Ms. ALICIA JACKSON (Dairy Princess Alternate): A lot of people are just, like, why do you guys come out here on your free time?
WARNER: Alicia Jackson is 16, a Dairy Princess alternate last year for St. Lawrence County. Tonight, she's running for the crown.
Mr. JACKSON: And it's kind of weird when you're explaining it to people, because a lot of people are like, wow, you guys have cows?
WARNER: Like every candidate Alicia's a farm girl. Her family milks about 60 cows. It's a disappearing lifestyle.
Ms. JACKSON: Because, as you know, milk prices aren't the best. People like us are trying to get dairy industry back up because of what our families do for a living.
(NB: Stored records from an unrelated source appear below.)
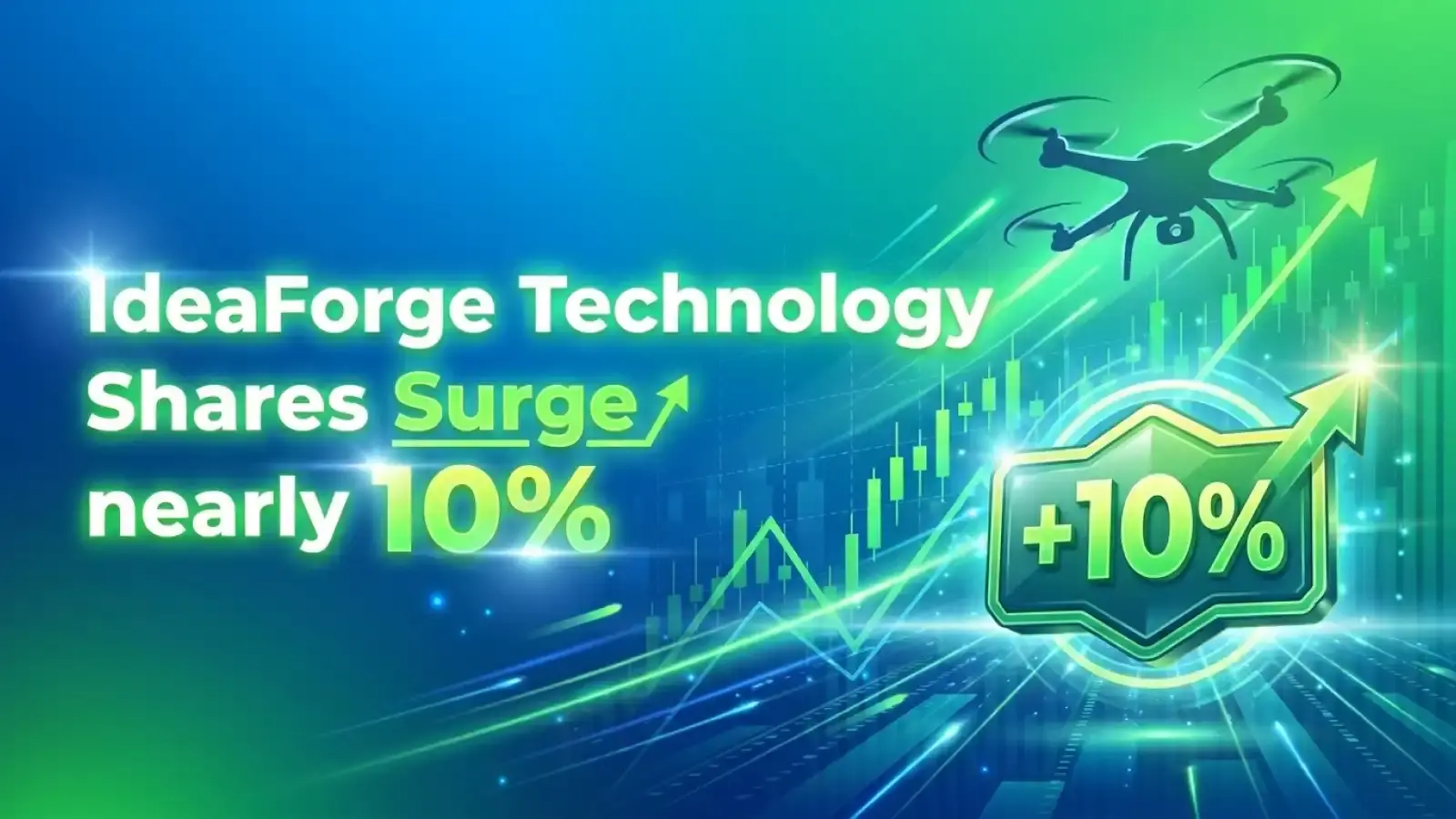 IdeaForge Technology Shares Surge nearly 10%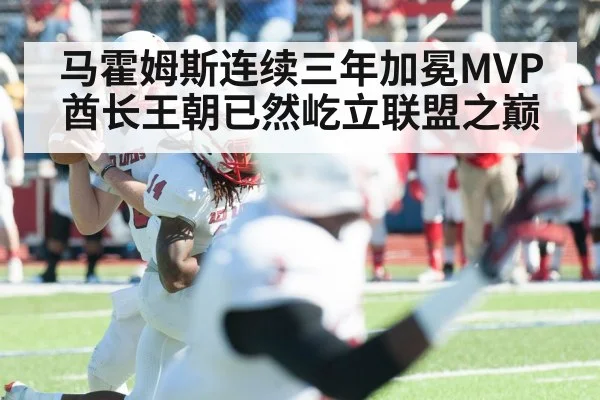 马霍姆斯连续三年加冕MVP酋长王朝已然屹立联盟之巅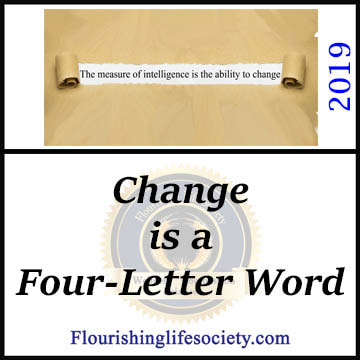 FLS Link: Change is a four-letter word. We are threatened by the need to adapt; but successful maneuvering through the complex demands of an ever-moving world requires a flexing and adaptable approach. We must change, sacrificing some of our specialness for a happier and better existence.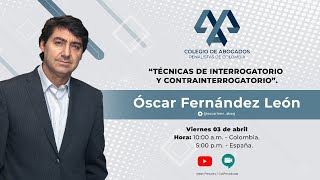 Técnicas de interrogatorio y contrainterrogatorio por Óscar Fernández León [upl. by Keyte]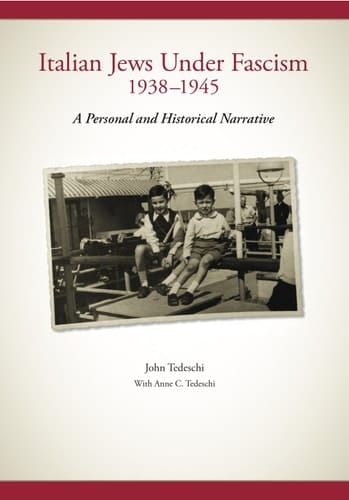Italian Jews Under Fascism, 1938-1945 A Personal and Historical Narrative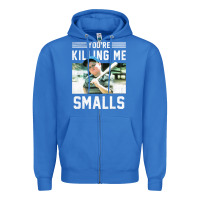 True Royal the sandlot ham you're killing me smalls portrait Zipper Hoodie - linhVisuals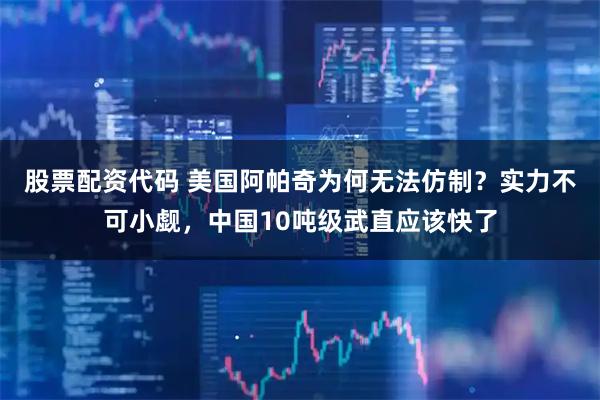 股票配资代码 美国阿帕奇为何无法仿制？实力不可小觑，中国10吨级武直应该快了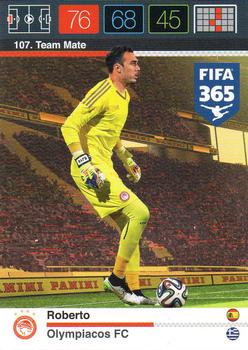 Roberto Olympiacos FC Panini FIFA 365 2015 Adrenalyn XL  #107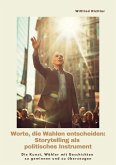 Worte, die Wahlen entscheiden: Storytelling als politisches Instrument (eBook, ePUB)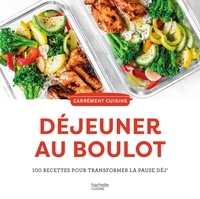Isabelle Guerre et Sophie Dupuis-Gaulier - Déjeuner au boulot - 100 délicieuses recettes pour transformer la pause dej'.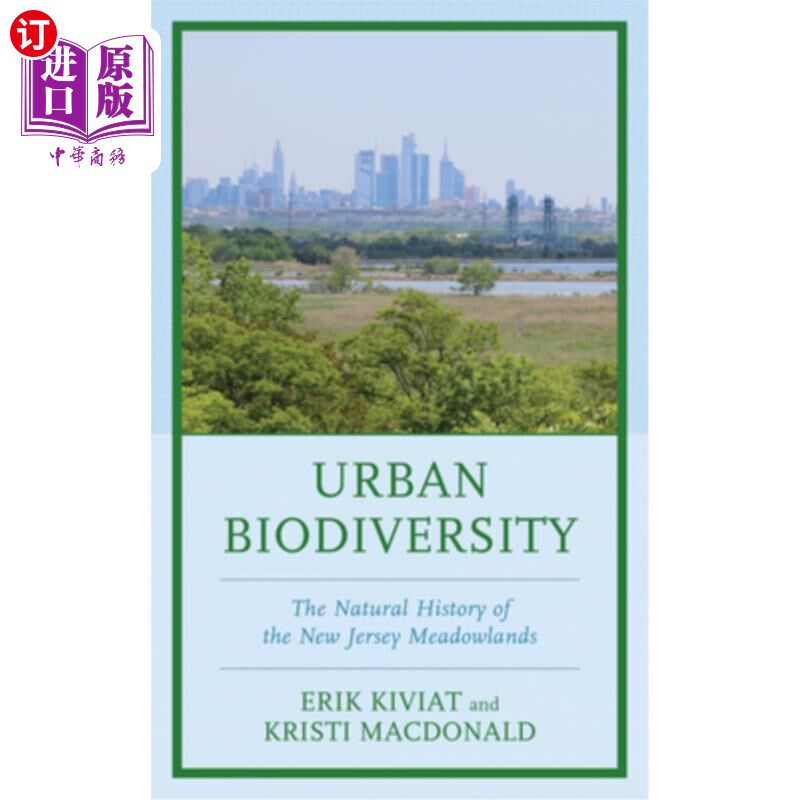 海外直订Urban Biodiversity: The Natural History of the New Jersey Meadowlands 城市生物多样性:新泽西草地的自然历史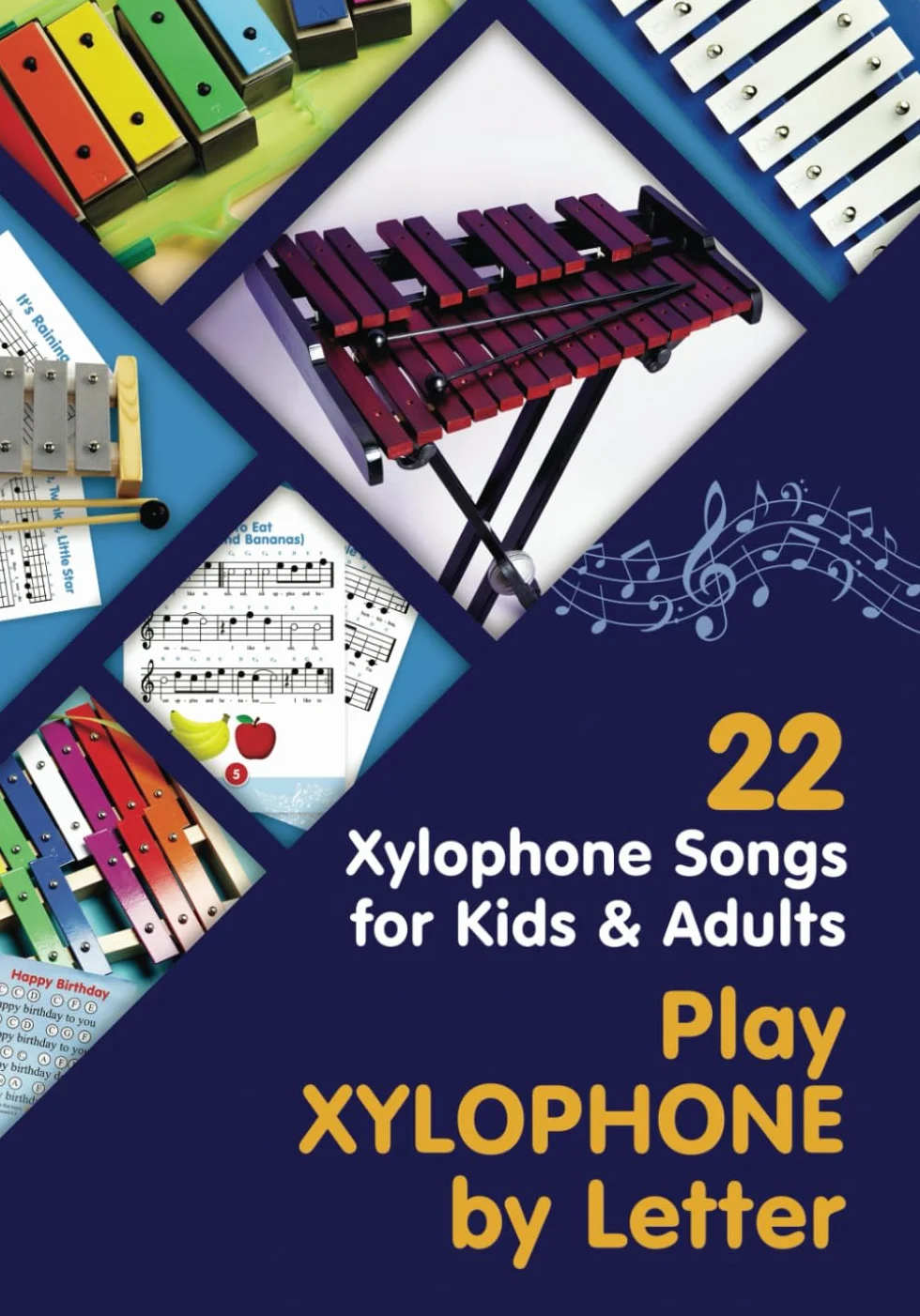 Play Xylophone by Letter: 22 Xylophone Songs for Kids and Adults: 1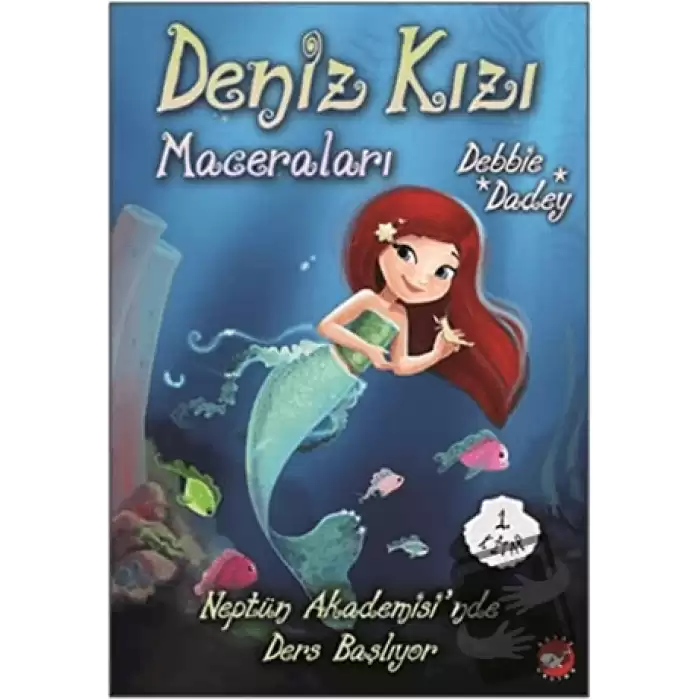 Neptün Akademisinde Ders Başlıyor - Deniz Kızı Maceraları 1.Kitap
WARNER: These are tough times for dairy farmers and for princesses. The pageant used to be in a large banquet hall with lots of local sponsors and more than free cheese curd. Now it's in a church basement with only three contestants. A crowd of about 80 relatives and former princesses are here to watch.
Forest Jackson is Alicia's grandfather.
Mr. HORACE JACKSON: We got support them, they help us. We got to support them. We got to keep these kids on the farm if it's at all possible.
WARNER: But Alicia probably won't take on the family farm. She'd rather be a forensic scientist, and Horace can't blame her. The farm made less money last year than in the '70s, and the future looks bleak.
So how did you feel when Alicia first said she wanted to be a Dairy Princess?
Mr. JACKSON: Well, I said good. We're glad to hear it. It gets her out to see people and meet people. And they're doing something when they're out with this group, you know where they are. You know what they're doing.
WARNER: Is she selling more milk?
Mr. JACKSON: Well, she says she is, I don't know.
(Soundbite of laughter)
Unidentified Man: Our young ladies willing to make a commitment this year for a lot of hard word and dedication to promoting the dairy industry include Amy Baker...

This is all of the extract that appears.